Records from a data collection

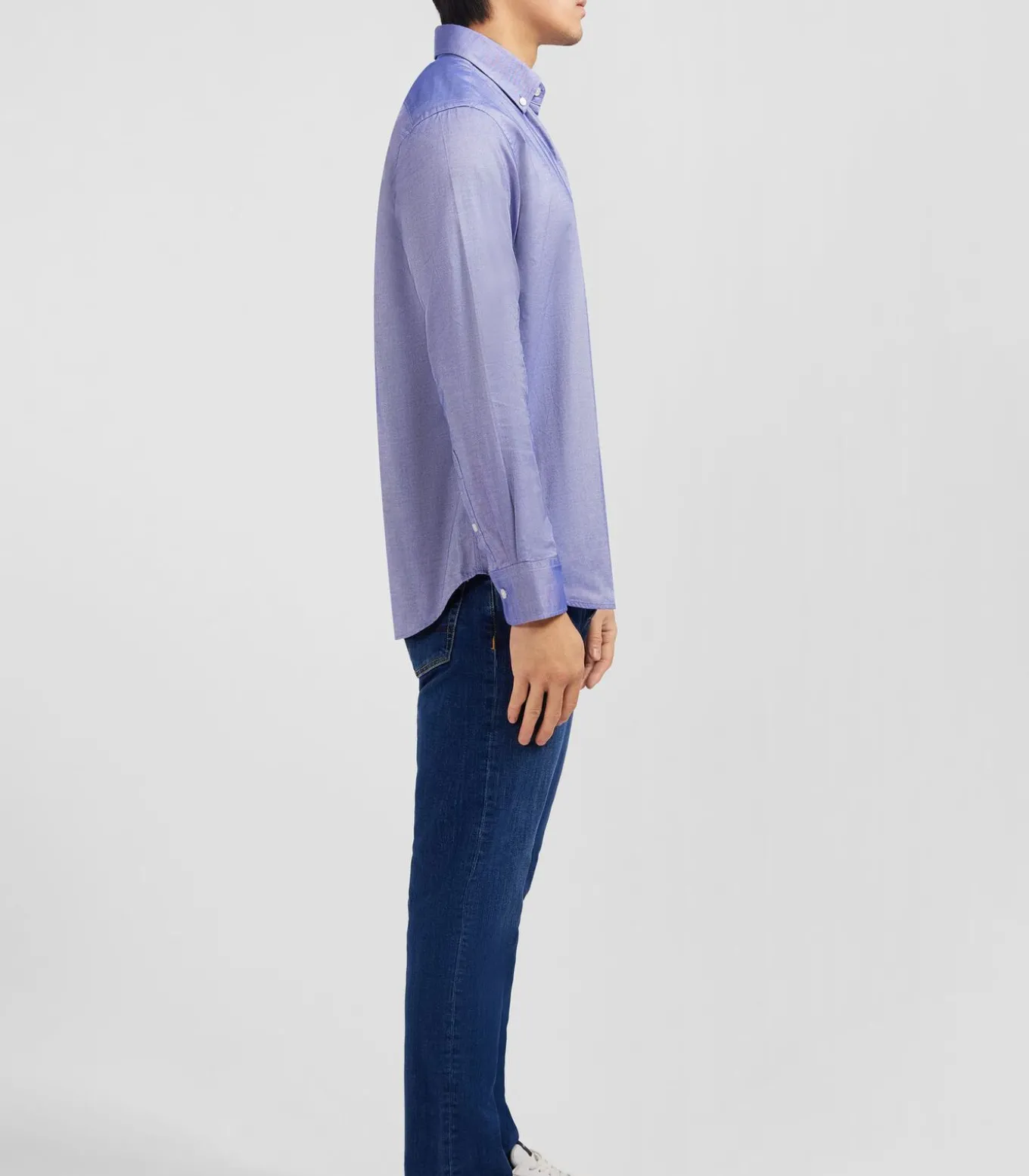 Marineblauw katoenen shirt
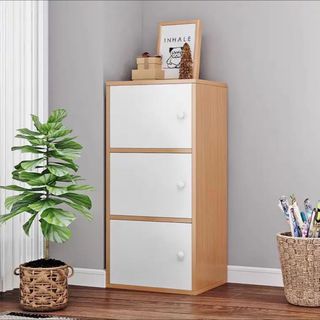 Kệ gỗ đựng đồ Tủ gỗ 3 tầng đa năng chất liệu MDF trang trí nhà cửa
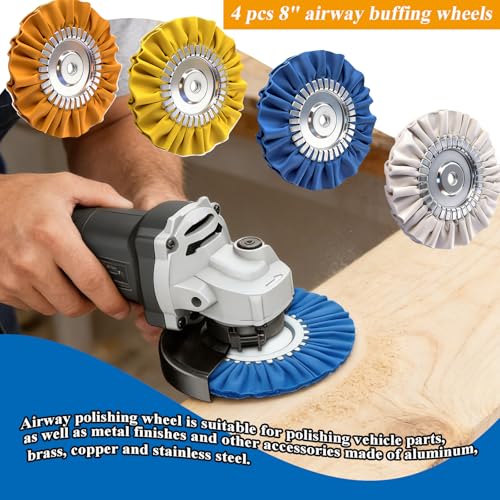 11Pcs 8 Inch Aluminum Polishing Kit for Angle Grinder (5/8 inch Arbor Hole),Metal Buffing Wheel Kit and Polishing Compound for Aluminum Stainless Steel Brass Copper Mirror Finish - style: 8 inch - 9pcs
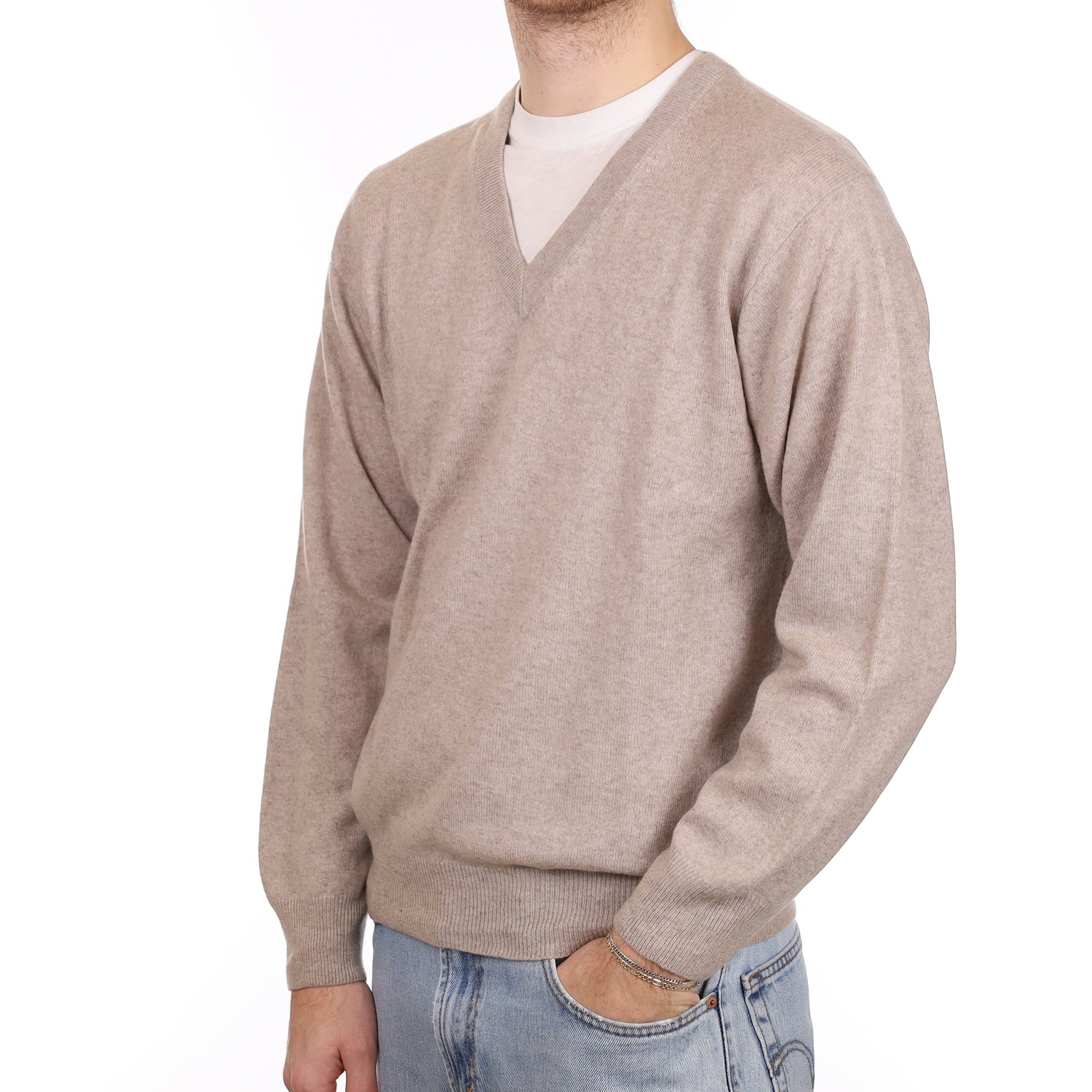 Men's Biscuit Brown Cashmere V Neck Jumper Large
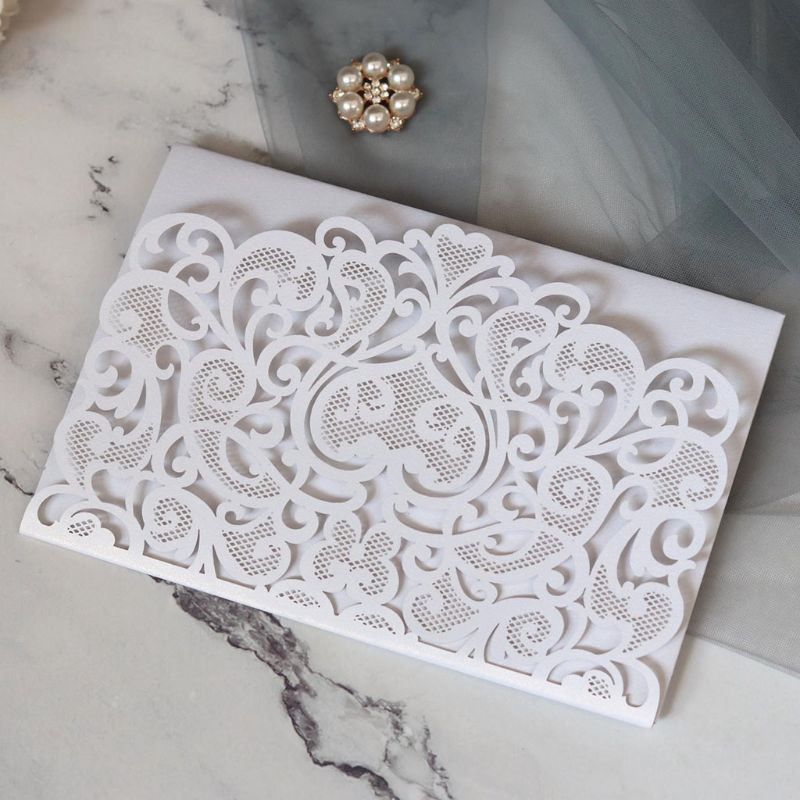 10 buc. Invitații de nuntă tăiate cu laser în formă de inimă. Material pentru petreceri M6CE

* _Task statement_: Only the lines from the one containing "Kệ gỗ đựng đồ" through the end of the records should be copied, exactly and with both ends included; the pictures should not.

* _Task result_:
 Kệ gỗ đựng đồ Tủ gỗ 3 tầng đa năng chất liệu MDF trang trí nhà cửa
 11Pcs 8 Inch Aluminum Polishing Kit for Angle Grinder (5/8 inch Arbor Hole),Metal Buffing Wheel Kit and Polishing Compound for Aluminum Stainless Steel Brass Copper Mirror Finish - style: 8 inch - 9pcs
 Men's Biscuit Brown Cashmere V Neck Jumper Large
 10 buc. Invitații de nuntă tăiate cu laser în formă de inimă. Material pentru petreceri M6CE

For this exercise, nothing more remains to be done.